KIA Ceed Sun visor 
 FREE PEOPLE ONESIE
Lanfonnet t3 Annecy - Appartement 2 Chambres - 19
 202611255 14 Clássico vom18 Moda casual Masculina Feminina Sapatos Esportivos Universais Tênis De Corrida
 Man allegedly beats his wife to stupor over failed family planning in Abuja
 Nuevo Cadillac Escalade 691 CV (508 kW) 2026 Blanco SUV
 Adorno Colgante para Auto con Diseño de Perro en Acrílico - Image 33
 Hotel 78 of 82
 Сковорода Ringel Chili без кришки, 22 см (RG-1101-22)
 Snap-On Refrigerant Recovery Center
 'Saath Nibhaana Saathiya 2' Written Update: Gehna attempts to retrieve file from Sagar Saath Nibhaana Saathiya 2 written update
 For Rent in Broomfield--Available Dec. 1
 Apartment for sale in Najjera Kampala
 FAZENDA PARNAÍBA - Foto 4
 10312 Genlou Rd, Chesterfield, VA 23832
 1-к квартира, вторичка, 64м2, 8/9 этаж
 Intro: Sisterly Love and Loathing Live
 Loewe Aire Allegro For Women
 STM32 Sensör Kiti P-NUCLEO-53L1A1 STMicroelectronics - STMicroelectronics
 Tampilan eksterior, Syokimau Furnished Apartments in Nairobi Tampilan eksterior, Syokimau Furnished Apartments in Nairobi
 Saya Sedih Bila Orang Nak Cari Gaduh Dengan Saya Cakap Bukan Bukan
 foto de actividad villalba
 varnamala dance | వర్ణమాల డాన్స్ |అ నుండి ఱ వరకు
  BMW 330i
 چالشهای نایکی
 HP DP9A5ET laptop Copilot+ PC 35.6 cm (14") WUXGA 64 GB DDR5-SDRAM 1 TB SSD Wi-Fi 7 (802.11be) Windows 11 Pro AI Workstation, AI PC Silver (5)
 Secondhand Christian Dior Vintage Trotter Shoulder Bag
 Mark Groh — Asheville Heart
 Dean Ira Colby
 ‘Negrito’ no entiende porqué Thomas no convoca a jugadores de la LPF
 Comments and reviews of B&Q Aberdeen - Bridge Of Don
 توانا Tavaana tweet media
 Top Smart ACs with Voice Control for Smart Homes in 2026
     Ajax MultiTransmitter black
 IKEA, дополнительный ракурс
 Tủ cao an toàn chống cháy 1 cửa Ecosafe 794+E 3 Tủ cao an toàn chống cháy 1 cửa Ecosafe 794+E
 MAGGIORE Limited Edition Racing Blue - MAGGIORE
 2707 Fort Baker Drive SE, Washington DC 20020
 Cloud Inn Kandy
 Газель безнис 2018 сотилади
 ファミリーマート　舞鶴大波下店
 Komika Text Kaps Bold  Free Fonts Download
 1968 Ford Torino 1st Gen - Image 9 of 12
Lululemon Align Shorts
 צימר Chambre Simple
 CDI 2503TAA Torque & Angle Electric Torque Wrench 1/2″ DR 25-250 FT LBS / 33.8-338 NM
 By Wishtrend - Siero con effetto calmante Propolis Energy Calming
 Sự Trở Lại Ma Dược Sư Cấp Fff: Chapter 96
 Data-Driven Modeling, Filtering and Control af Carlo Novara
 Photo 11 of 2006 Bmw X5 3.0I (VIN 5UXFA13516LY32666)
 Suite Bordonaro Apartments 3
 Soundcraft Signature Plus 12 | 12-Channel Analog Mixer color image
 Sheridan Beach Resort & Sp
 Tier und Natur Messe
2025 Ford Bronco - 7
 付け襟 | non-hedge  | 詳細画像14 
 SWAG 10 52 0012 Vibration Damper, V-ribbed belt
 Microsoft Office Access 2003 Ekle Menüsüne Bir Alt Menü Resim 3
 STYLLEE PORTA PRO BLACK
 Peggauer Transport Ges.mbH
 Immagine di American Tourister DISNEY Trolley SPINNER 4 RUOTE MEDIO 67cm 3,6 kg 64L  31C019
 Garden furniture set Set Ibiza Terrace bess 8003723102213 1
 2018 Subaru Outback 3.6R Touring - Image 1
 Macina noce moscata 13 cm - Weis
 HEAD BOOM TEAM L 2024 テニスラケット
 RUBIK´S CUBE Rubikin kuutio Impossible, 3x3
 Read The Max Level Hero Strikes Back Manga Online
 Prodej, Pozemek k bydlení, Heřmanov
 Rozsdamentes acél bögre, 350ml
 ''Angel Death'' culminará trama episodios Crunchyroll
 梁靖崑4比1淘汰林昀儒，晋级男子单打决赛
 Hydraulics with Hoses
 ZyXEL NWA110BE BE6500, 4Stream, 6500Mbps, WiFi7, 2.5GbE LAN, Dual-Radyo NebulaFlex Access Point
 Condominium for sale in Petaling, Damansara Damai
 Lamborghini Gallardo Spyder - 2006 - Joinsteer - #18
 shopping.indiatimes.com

• **PROBLEM**:
Above are the records; copy each line from them that includes the string "Apartments".

• **ANSWER FOR THE TASK**:
 Tampilan eksterior, Syokimau Furnished Apartments in Nairobi Tampilan eksterior, Syokimau Furnished Apartments in Nairobi
 Suite Bordonaro Apartments 3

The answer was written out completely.